As time goes on, more and more data and analysis is being ported to a connected cloud infrastructure that is then tethered together with apps. There are fewer people who understand the setup process it takes to get computation from big data. Assistant professor at the Delft University of Technology in the Netherlands, Felienne Hermans, would like to address this trend.

Hermans recounts, “I noticed the whole world is run by Excel. A manager at a big Dutch bank once told me, ‘If email goes down, that will be uncomfortable, but if Excel stops working, we’ll all go home.’ Excel is so omnipresent in business, yet, we at the university do not help students become proficient in the application.” This subtle revelation along with some more anecdotal experiences got Hermans to question whether or not a course, dedicated entirely to teaching the ins and outs of Excel, was that “far-stretching”?

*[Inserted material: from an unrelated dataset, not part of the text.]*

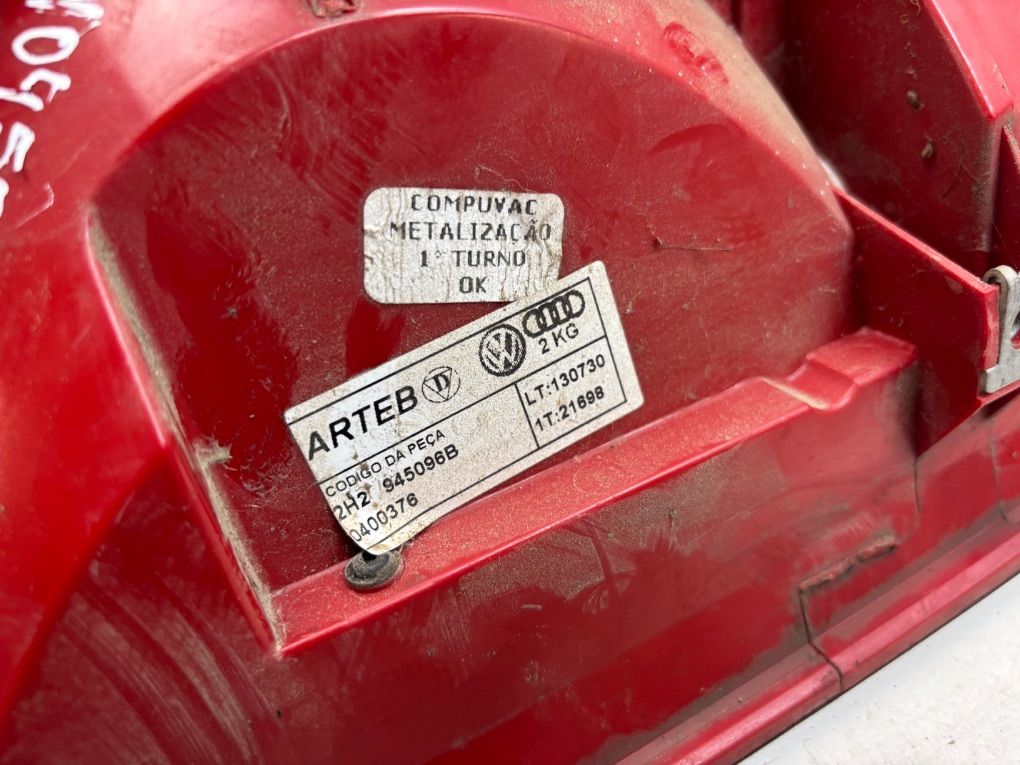 2H2945096G Tail light, right VW AMAROK (2H_, S1B) (2010-2022)
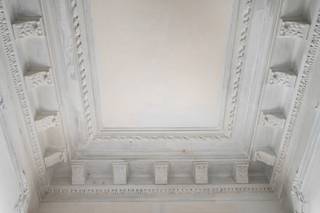 Située au cœur du très prisé quartier de Zurenborg, cette exceptionnelle maison de maître à plusieurs unités se distingue par son caractère...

Many of Hermans students were already having difficulty working with and in Excel. The students she describes in her anecdotes about Excel are not junior high or high school level students, but graduating college students in architecture and biology degree programs. “For example, I was recently visited by a student from the Architecture department. For his graduation project, he was supposed to create a spreadsheet calculating the impact of different building styles. The model was not the problem, he told me, but rather he needed to know how to build the spreadsheet and ensure the calculations were correct. He needed my help,“ explained Hermans.

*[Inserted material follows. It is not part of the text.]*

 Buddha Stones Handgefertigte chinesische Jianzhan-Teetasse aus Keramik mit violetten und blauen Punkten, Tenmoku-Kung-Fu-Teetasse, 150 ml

Soon after, Hermans began a pitch for the necessity of teaching Excel as a university-wide elective. In her initial run, she was met with resistance to the idea, of needing a stand-alone course for Excel. However, Hermans and the university quickly saw that once the course was up and running, the demand for future courses would become a reality. Herman’s little Excel program saw success among students from various career-oriented vertices. Hemans wanted to develop the Excel program beyond just having 50 students take it at a time. She saw an opportunity for combining Harvard and MIT’s non-profit organization, edX and massive open online course provider (MOOSC), to help her reach a much broader audience for an Excel course.

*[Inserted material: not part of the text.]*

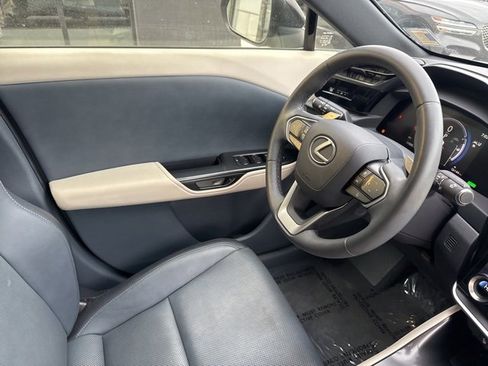 Used 2023 Lexus RZ 450e Premium w/ Technology Package image 24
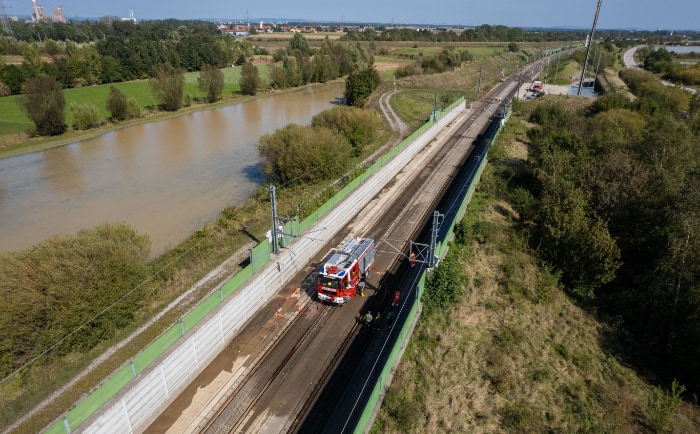 Die Aufräumarbeiten an der Westbahnstrecke werden noch länger andauern. &copy; ÖBB / Mayer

A university professor looks to teach the lost art of Excel

Harmans Excel course is an 8-week course consisting of freshly updated videos, associated quizzes, excercises on Excel, and related information. The immediacy of the distributed information between Hermans and students is “like having a little teacher in your computer, phone or tablet,” she says. The course titled Data Analysis to the Max, already has over 17,000 people enrolled across the world. That’s a good sign. Another piece of good news is that the course starts tomorrow and is still open for serious Excel users or just curious Excel-types.